Pages

Friday, 11 March 2016

At The End Of The Spreadsheet

There's never going to be enough money in any healthcare system to fund everything for everyone. But when the bean counters forget there's a human being at the end of a spreadsheet, we're all in big trouble.

Mike Hoskins at DiabetesMine, posted a very powerful, personal story earlier -
Letter to My Insurance Company: I'd Rather Not Die Today

http://www.healthline.com/diabetesmine/letter-my-insurance-company-id-rather-not-die-today

Janki stayed awake in bed until I got home (late) from work tonight. I've been late every night this week. Big trouble. We said goodnight. We hugged and gave a goodnight kiss. Then she had a hypo. The CGM had seen it coming, not soon enough to avoid it completely, but soon enough to help. We rounded it off with Ribena and a biscuit. Her numbers came back. After her hypo, instead of going to sleep, she got a little emotional (not unusual after a low):

" I wish I didn't have diabetes"
"Why do I have diabetes - no one else in Mrs W's class has diabetes. None of the children in Miss H's class. Only me"
"Why is it me?"

We hugged. I told her I loved her, that we loved her. What else could I say? She settled and snuggled up to her Mummy. She slept. It's gone midnight and, thanks to Nightscout, I know 4 minutes ago she's 7.5mmol/L (her target). All is well for the next five minutes.

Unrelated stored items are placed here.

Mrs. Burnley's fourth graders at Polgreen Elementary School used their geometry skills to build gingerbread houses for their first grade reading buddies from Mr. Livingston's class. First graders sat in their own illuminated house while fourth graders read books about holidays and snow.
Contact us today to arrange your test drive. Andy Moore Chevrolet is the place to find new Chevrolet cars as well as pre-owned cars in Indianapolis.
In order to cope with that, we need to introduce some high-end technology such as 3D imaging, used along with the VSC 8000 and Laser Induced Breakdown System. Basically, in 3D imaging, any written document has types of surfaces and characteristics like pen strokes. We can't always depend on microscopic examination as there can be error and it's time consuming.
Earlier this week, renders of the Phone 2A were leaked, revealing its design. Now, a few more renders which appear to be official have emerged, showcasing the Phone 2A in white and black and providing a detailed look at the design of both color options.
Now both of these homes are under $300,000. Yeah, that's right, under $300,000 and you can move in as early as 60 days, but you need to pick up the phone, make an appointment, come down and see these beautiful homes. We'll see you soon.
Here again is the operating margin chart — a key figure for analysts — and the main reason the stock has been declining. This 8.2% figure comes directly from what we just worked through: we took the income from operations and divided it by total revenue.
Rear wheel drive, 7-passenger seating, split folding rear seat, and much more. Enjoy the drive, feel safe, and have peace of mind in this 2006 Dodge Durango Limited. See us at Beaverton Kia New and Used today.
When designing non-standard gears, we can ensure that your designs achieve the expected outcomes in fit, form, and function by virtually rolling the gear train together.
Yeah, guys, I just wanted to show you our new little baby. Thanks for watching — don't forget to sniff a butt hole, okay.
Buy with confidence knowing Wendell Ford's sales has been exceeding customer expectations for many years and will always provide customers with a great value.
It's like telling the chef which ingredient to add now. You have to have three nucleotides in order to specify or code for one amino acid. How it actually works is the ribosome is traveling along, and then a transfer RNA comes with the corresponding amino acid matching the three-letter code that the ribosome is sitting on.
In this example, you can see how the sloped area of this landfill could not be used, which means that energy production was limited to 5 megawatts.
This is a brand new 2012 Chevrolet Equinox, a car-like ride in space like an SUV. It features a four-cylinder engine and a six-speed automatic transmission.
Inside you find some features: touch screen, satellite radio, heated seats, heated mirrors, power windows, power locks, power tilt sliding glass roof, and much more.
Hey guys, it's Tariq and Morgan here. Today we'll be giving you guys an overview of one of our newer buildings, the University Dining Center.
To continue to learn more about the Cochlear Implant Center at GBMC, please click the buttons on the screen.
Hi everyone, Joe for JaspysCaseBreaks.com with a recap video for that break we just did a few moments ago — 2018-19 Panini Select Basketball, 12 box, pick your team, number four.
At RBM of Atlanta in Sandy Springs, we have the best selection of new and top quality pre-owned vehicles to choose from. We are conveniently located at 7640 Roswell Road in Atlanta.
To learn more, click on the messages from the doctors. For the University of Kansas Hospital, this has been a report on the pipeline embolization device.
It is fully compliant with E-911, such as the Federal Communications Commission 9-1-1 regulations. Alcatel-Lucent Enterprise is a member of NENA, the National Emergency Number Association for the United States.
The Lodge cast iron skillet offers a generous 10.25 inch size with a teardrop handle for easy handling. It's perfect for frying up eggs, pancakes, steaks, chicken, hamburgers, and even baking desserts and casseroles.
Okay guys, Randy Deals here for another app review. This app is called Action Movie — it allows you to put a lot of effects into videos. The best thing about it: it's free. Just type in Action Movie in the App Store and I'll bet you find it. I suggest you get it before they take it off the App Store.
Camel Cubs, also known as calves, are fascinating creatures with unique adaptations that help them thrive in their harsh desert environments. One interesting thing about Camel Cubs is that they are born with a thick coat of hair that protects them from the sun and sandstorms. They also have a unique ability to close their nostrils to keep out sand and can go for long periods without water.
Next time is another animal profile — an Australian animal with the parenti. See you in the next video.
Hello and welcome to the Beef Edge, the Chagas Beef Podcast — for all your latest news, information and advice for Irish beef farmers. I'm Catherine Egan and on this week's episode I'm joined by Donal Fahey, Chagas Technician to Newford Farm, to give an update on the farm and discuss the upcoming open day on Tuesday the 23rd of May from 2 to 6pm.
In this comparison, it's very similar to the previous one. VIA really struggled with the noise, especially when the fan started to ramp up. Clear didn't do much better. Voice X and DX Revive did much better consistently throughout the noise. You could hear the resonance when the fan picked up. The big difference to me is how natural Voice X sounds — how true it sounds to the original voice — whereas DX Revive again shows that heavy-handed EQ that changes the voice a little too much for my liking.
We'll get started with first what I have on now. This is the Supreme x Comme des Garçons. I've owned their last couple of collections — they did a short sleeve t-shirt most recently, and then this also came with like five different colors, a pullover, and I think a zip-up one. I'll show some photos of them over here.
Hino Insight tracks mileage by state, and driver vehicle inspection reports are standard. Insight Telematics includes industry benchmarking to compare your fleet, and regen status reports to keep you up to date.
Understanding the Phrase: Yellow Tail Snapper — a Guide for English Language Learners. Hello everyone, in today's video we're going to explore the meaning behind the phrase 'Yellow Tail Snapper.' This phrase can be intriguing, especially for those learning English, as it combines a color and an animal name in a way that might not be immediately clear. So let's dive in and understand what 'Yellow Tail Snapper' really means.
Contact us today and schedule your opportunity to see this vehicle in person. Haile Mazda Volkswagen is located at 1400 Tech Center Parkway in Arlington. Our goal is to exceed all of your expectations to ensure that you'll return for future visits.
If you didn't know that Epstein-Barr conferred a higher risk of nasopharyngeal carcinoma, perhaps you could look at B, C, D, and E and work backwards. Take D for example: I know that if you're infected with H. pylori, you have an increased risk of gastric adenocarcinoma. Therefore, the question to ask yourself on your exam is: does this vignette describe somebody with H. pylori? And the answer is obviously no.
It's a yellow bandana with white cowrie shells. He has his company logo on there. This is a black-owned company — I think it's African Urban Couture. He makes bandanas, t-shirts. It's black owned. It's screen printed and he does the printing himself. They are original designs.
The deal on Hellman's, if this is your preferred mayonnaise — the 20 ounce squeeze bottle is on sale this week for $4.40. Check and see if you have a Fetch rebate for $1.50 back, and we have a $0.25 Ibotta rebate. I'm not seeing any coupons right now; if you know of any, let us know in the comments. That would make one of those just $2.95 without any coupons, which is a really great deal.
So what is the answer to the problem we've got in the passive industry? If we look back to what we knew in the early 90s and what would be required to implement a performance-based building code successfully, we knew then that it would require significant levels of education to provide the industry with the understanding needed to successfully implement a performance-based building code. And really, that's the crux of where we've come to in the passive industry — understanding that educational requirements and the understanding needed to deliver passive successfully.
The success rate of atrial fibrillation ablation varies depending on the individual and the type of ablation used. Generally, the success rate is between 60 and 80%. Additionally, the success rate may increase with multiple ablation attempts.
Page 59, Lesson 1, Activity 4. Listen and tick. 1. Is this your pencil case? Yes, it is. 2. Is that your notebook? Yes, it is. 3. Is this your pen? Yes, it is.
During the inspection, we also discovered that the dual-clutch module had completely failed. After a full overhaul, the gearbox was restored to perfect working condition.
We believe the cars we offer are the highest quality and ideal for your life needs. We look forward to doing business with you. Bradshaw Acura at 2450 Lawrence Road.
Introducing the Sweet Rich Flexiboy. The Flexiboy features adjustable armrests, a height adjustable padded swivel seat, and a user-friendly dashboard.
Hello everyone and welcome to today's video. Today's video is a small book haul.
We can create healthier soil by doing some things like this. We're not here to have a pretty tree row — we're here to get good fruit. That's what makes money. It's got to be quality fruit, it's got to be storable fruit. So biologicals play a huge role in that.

In my (humble opinion) book, go ahead and make regular diabetes education programmes mandatory*, put the onus on us to demonstrate we are trying to optimally use all those test strip BG data and sensor glucose values. Test my ability to carb count (ok, test my wife's...), challenge and discuss our treatment decisions, assess the psychological impact on having access to the extra BG tests, CGM or a pump that dual-wave boluses. If it doesn't work out, redirect the resource / technology. Your doctor wouldn't plough on with a drug that isn't working for you (but you'd hope you'd have a conversation first and the chance to consider other treatment options...)

*Why aren't these more readily available and part of more clinical trials into CGM efficacy?

But, please don't let us tot up the number of times anyone with diabetes is (potentially avoidably) in the back of an ambulance or set a threshold HbA1C (above which you clearly need 'help') to win the prize of the opportunity to live with less fear, less guilt and more empowerment.

At four years old, fortunately, our little one doesn't have the full-on fear of what can happen with T1D - I don't think she does anyway. But the guilt? The emotional impact on her and her quality of life? They are already there.

How does that score on the spreadsheet?